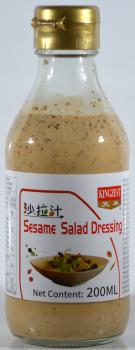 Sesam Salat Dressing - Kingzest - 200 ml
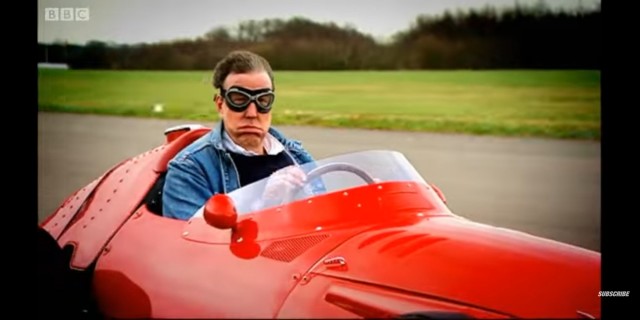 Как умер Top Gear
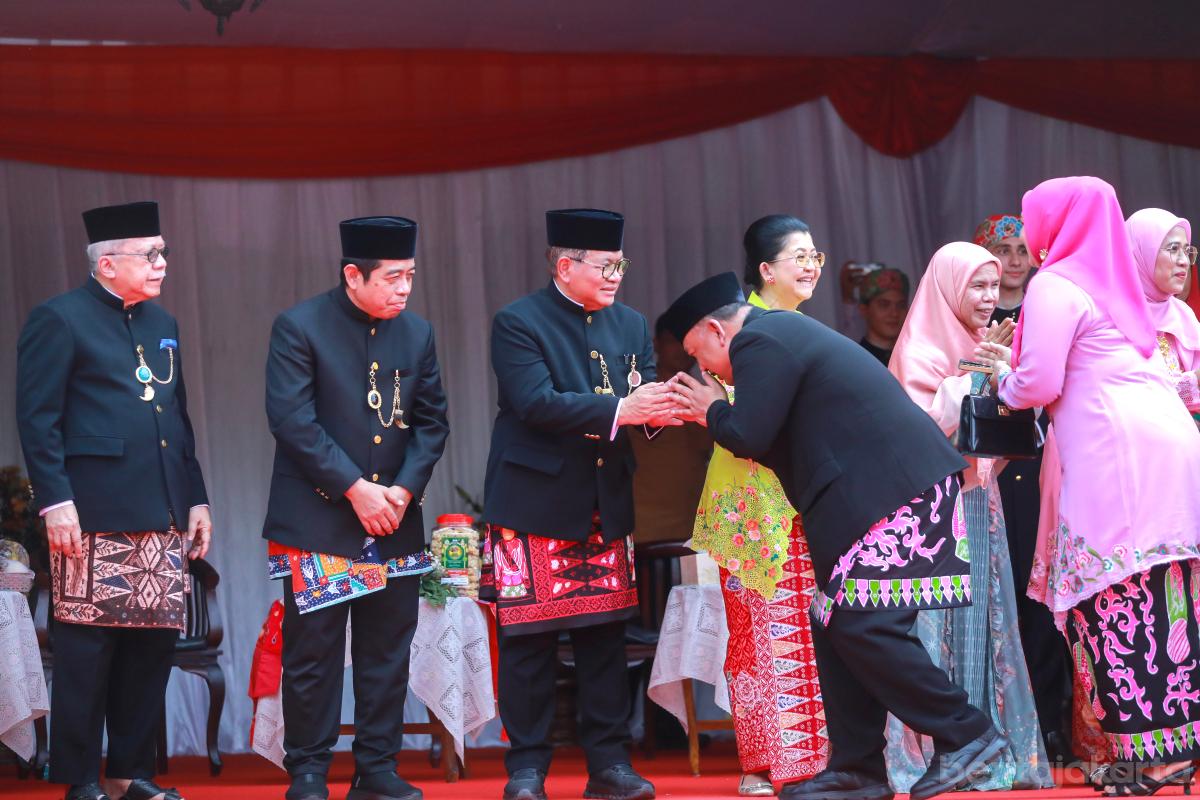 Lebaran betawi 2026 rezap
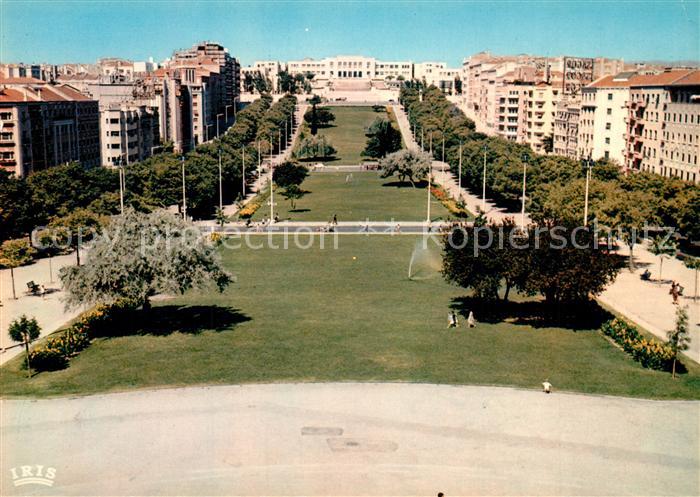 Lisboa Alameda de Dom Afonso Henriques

● WORK INSTRUCTION: A word-for-word copy of all the data is required, minus the pictures.

● SOLUTION TO THIS TASK:
 Sesam Salat Dressing - Kingzest - 200 ml
 Как умер Top Gear
 Lebaran betawi 2026 rezap
 Lisboa Alameda de Dom Afonso Henriques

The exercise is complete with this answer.